Auditório do Sindae superlotado: 250 pessoas |
Olívio Dutra e Sérgio Gabrielli, os palestrantes, nas duas pontas; no meio, Valdimiro Lustosa e Osvaldo Laranjeira, dois dos organizadores do evento (o outro foi Goiano/José Donizette) |
Mas quem floresce e dá as cartas mesmo, nos dias que correm, é o capital financeiro, com suas ramificações internacionais – os fundos de investimento, os banqueiros, os rentistas, os especuladores – que não produz nada e não emprega quase ninguém.
Quando ainda pensamos e sonhamos com a massa de operários do ABC paulista que ajudou a empurrar para o fim a ditadura militar, Gabrielli nos lembra que os metalúrgicos do ABC, na década de 1970 – dentro dos padrões marxistas, a vanguarda da classe operária -, chegavam a 200 mil, hoje são menos de 100 mil.
2015 – Explosão dos fundos de investimento
“O papel do trabalhador industrial diminuiu substancialmente”, diz ele, acrescentando: “Hoje, as maiores categorias na Bahia, por exemplo, não são os trabalhadores industriais – não estou falando de operários, mas dos trabalhadores industriais no geral -, e sim os agricultores familiares, com 600 mil famílias, uma categoria que não tem uma relação direta com salário”.
“A segunda maior são os empregados (e empregadas) domésticos – 450 mil”, continua o professor titular (aposentado) da Faculdade de Ciências Econômicas da UFBA, observando: “A relação capital X trabalho nessas duas categorias é completamente diferente do que nós pensamos da relação clássica capital X trabalho”.
Gabrielli fez um breve resumo da tentativa de construção dum projeto nacional até a derrubada do governo Dilma, em 2016. A partir daí – mais precisamente a partir de 2015, com a explosão dos fundos de investimento -, “descemos ladeira abaixo rumo à financeirização da economia”.
E dá um dado assombroso: o valor que está circulando no mercado financeiro equivale a três vezes o PIB brasileiro, valor controlado por 50 mil fundos de investimento.
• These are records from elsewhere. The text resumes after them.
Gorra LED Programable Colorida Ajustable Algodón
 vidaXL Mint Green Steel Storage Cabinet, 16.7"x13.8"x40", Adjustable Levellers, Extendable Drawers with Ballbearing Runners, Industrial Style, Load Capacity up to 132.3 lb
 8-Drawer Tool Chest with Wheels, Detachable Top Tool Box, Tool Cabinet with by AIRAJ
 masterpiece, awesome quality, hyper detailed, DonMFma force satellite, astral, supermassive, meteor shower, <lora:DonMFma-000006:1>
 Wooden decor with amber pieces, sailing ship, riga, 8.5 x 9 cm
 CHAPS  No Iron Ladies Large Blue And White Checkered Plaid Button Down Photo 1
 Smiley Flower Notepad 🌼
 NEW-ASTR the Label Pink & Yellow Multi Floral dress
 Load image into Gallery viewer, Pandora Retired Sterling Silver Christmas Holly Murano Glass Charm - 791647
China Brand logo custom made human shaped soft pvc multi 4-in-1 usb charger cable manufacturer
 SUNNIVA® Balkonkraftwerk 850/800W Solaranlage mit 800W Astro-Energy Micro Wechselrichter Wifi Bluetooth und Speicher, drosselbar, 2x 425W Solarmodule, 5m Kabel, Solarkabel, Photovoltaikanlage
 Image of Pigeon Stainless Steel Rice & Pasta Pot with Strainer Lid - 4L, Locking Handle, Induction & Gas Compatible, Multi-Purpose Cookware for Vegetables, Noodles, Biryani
Repisando: o valor do patrimônio desses fundos chega a 4,2 trilhões de reais. Para efeito de comparação: o patrimônio das 800 mil cadernetas de poupança no Brasil é 280 bilhões de reais.
O que significa isso? Significa que qualquer empresário vai pensar várias vezes antes de investir nos seus negócios. “O industrial – explica o professor e estudioso de Economia – que pode vir a fazer uma nova fábrica, vai pensar duas vezes se faz isso ou se aplica no fundo de investimento”.
É o capitalismo financeiro nadando a braçada, sem qualquer compromisso nacional, cinco bancos controlando a maioria desses fundos, informa Gabrielli e pergunta: Como enfrentar isso? Sua palestra, que abrange mais aspectos da realidade brasileira, certamente não pretendeu responder esse tremendo desafio, mas dá subsídios valiosos para buscarmos uma resposta necessária.
PS 1: Este blog já publicou oito matérias em torno deste debate e haverá outras, pois o evento foi riquíssimo. Resolvi dividir a cobertura para evitar matérias muito longas e não perder a oportunidade de divulgar dados importantes sobre o que foi discutido.
PS 2: O Sindae nos brindou com a cobertura online ao vivo. Na sua página do Facebook, você pode acessar o vídeo: ‘Conjuntura Política e Econômica – Gabrielli e Dutra’. Link: www.facebook.com/sindaeba/
PS 3: A análise que Gabrielli nos apresentou em Salvador estará presente, de alguma forma, nos debates dos quais participará no âmbito do PT e outros partidos e movimentos sociais, a nível nacional, durante este semestre, em busca de resoluções políticas das forças progressistas.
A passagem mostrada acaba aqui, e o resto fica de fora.